• [WHAT THIS TASK INVOLVES] Please quote exactly the lines below from the line containing "ΜΕΓΑ Wet Hankies" to the line containing "Cough line icon.", both lines included, and nothing else.

• [RECORDS]
Segment Open

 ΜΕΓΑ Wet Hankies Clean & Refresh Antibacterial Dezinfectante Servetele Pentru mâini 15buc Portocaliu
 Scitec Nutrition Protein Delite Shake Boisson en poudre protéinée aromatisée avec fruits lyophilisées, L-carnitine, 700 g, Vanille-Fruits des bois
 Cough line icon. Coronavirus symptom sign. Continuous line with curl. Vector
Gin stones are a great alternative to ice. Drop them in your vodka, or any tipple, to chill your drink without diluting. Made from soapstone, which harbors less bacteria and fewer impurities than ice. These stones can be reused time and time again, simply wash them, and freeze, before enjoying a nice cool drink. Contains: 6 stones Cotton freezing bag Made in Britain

Segment Closed
Segment Open

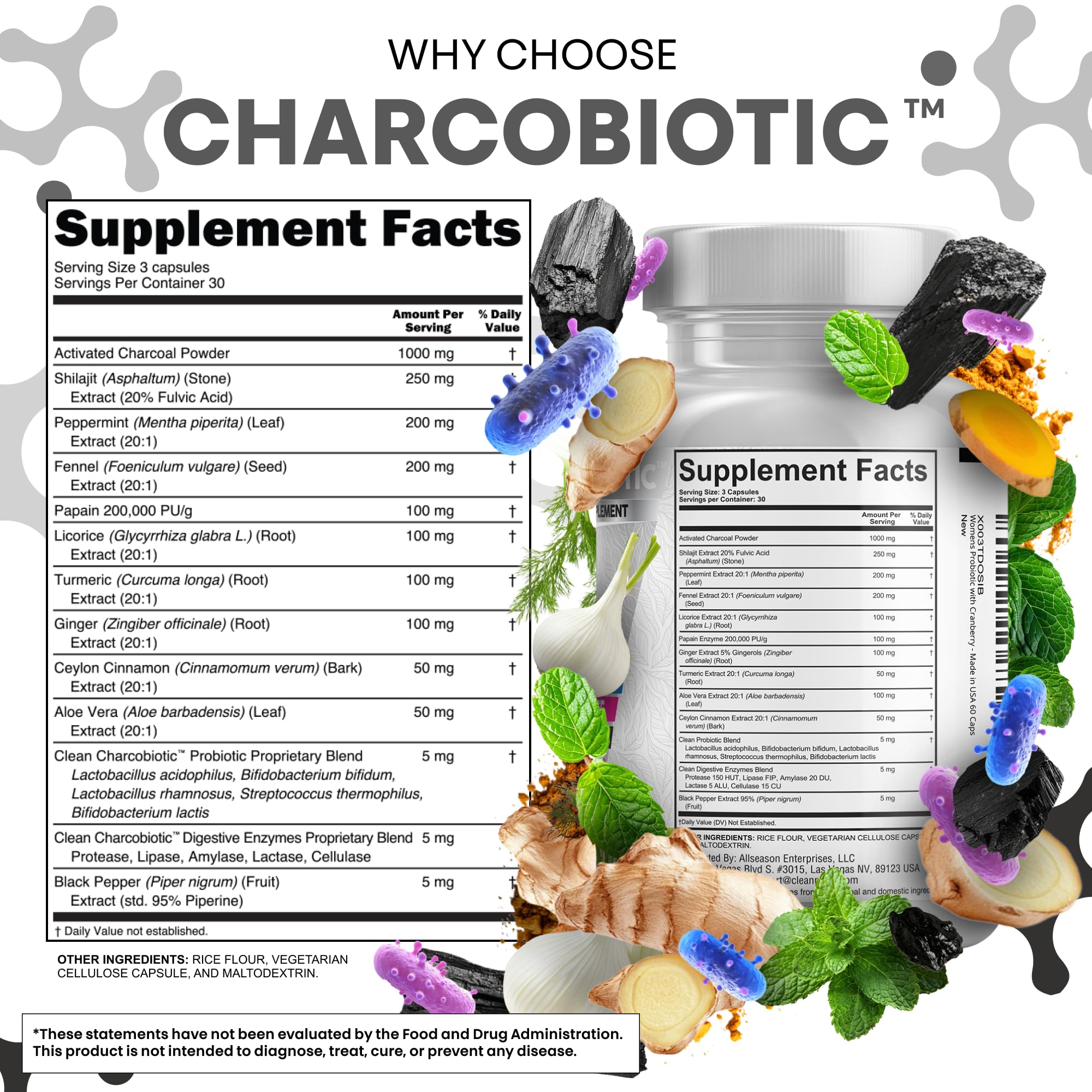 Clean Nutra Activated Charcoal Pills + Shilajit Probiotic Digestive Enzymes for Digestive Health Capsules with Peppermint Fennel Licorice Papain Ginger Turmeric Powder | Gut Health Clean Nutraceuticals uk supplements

Segment Closed

• [WRITTEN SOLUTION]
 ΜΕΓΑ Wet Hankies Clean & Refresh Antibacterial Dezinfectante Servetele Pentru mâini 15buc Portocaliu
 Scitec Nutrition Protein Delite Shake Boisson en poudre protéinée aromatisée avec fruits lyophilisées, L-carnitine, 700 g, Vanille-Fruits des bois
 Cough line icon. Coronavirus symptom sign. Continuous line with curl. Vector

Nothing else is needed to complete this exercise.